Shortly after breaking up with a boyfriend some years back, for example, I began to wonder if I ought to drop out of graduate school—a question that soon blew up into a full-fledged career crisis. Although my ex was also in the program, the career turmoil was a whole separate issue. The breakup had forced me to reflect more about what I wanted out of life, which turned out to be something entirely different from what I was currently doing. And so I tossed a Molotov cocktail onto my heartbreak (for which there was no easy fix), and lost myself in the smoke of trying to figure out how to quit academia and pursue a different career. Neither problem was fun to deal with—but one, at least, was more concrete, and therefore preferable to focus on.

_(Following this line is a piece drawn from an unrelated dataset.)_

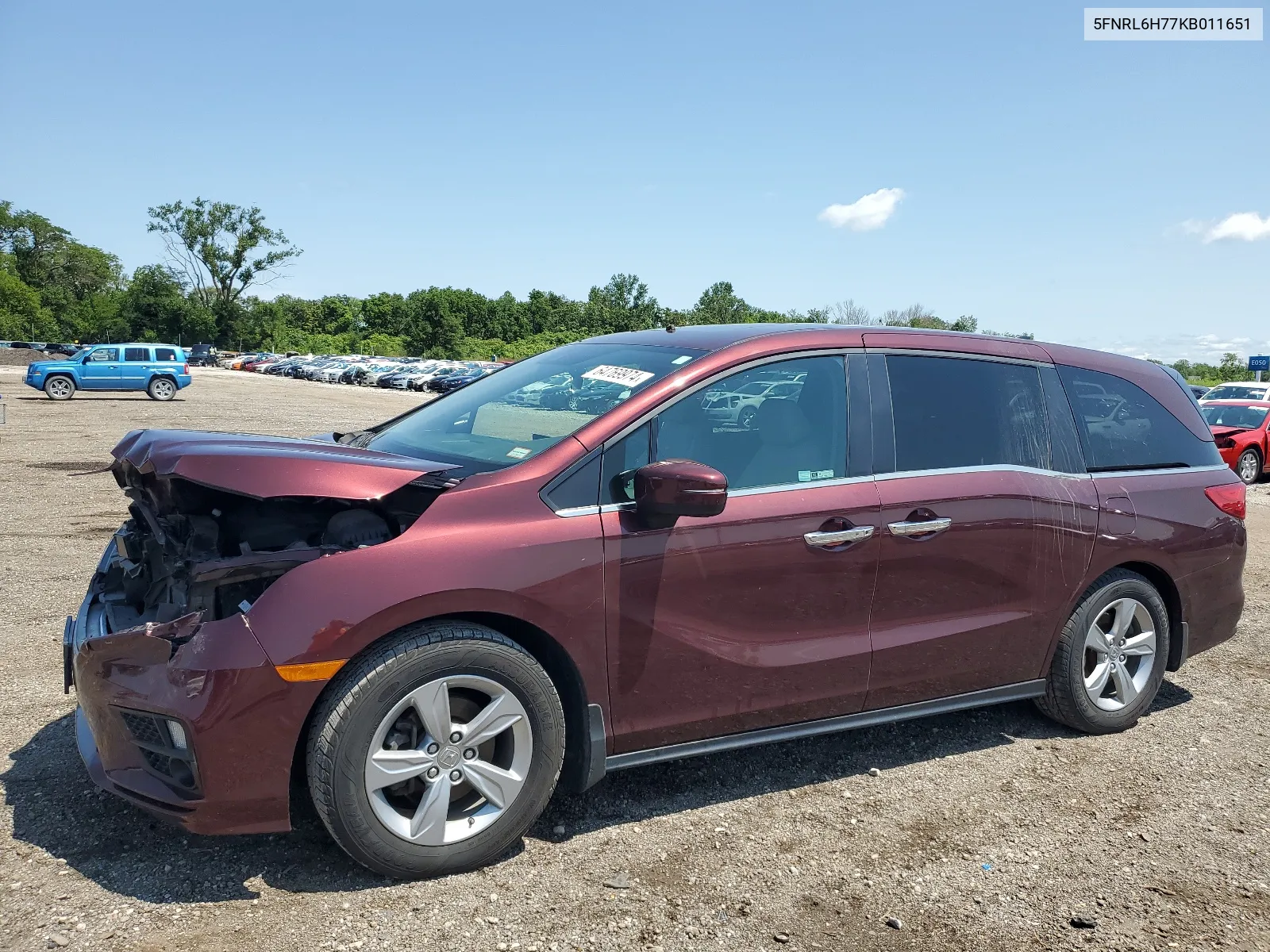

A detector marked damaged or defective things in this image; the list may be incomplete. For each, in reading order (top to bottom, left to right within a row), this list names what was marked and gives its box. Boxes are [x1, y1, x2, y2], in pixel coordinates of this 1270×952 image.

broken headlight area [103, 466, 451, 631]
damaged maroon minivan [64, 327, 1245, 876]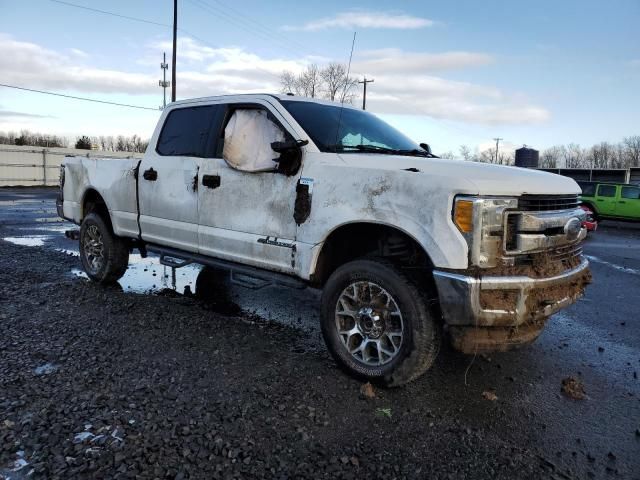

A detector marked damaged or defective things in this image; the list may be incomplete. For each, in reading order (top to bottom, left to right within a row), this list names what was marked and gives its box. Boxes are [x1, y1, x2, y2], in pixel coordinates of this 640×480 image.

broken window [224, 109, 286, 172]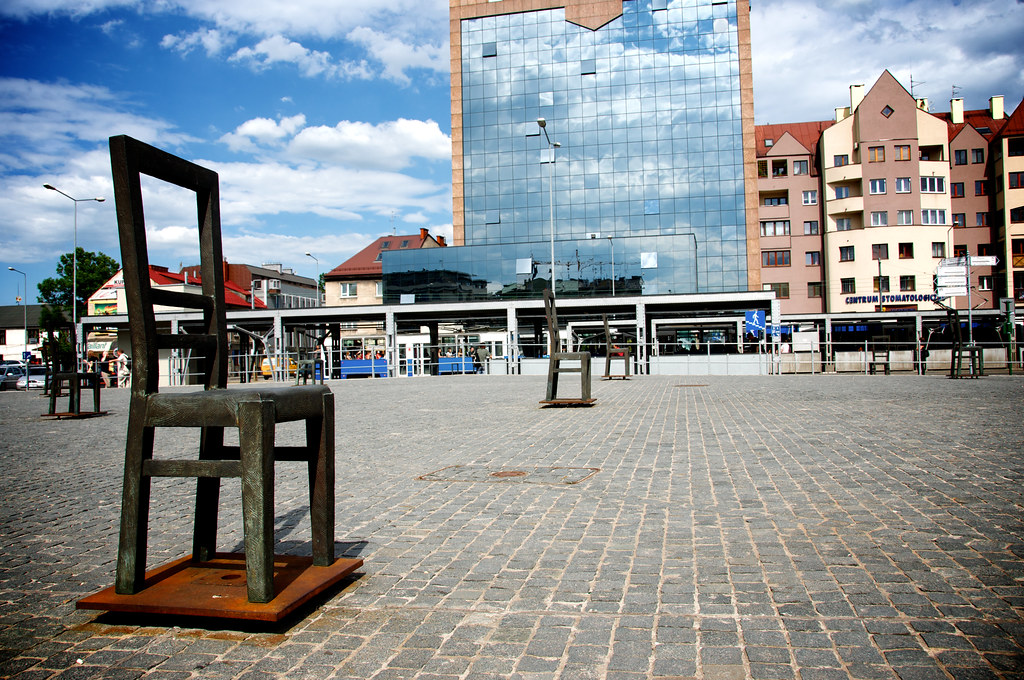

In “Spiderweb,” a short story by Mariana Enriquez, the narrator, trapped in an unhappy marriage, has the following exchange with her cousin:
“We all make mistakes,” she told me. “The important thing is to fix them.”
“And how does this get fixed?”
“Babe, death is the only problem without a solution.”
The cousin in the short story sounds pretty breezy with that last line, but she’s basically right: Most problems do have solutions. The issue is that we don’t always have complete control over making the solutions happen. If you’re unemployed, for example, you can look for a job, but you can’t force someone to hire you. You can, however, decide to adopt a puppy that chews your shoes, pees on the carpet, and barks relentlessly for a walk at 5am. Boom! Different, cuter problem—one that takes you outside of yourself, and reminds you that your worth as a human being isn’t dependent on getting a biweekly paycheck.
How do you know when to throw a Molotov cocktail? It’s a tricky balance to strike. It’s important to be able to gather up the courage to make a change and get out of a rut, even if the change you’re making looks, to the outside world, rather cavalier and chaotic. But it’s equally important to understand that if you are unhappy in a particular way—say you have persistent self-esteem issues—going on a juice cleanse or moving halfway across the country probably isn’t going to do much to help. As Heather Havrilesky notes in her New York Magazine advice column, Ask Polly, “Often, when you try a whole new life on for size, you’re secretly hoping that the things about you that you dislike will disappear into thin air. These selves never disappear. They just take new shapes.”
In the end, after all, a lot of problems don’t get fixed by dramatic game-changing decisions so much as smaller shakeups. Take the example that Charles Duhigg offers in his book Smarter Faster Better: The Secrets of Being Productive in Life and Business. When Pixar Animation co-founder and president Ed Catmull found that his creative team had hit a roadblock in developing the plot of the movie Frozen, Catmull decided to tweak the team’s structure. Knowledge@Wharton explains:
One of [Catmull’s] main tactics is a kind of intentional disruption: mid-project, he will step in and shake up a team by tweaking its dynamics, even if he knows that by doing so he will generate a certain amount of tension. In the case of Frozen, he named the film’s writer, Jennifer Lee, as a second director. A writer is more a lone voice, where a director must listen to and incorporate suggestions from across the production. The new responsibility and point of view were just the jolt she needed.
Catmull could have decided to scrap the whole movie. He could have fired Lee (new problems!) or made some other bold, possibly insane move. Instead, he made a comparatively small but crucial change.
One thing leads to another, is what I’m trying to say. Sometimes it’s the right thing to throw a Molotov cocktail. But often you don’t need such a big new distracting problem in the first place. You’re in a dark room, so you light a match. You peer out as new contours begin to take shape, revealing the corridors and crevices that have been there all along.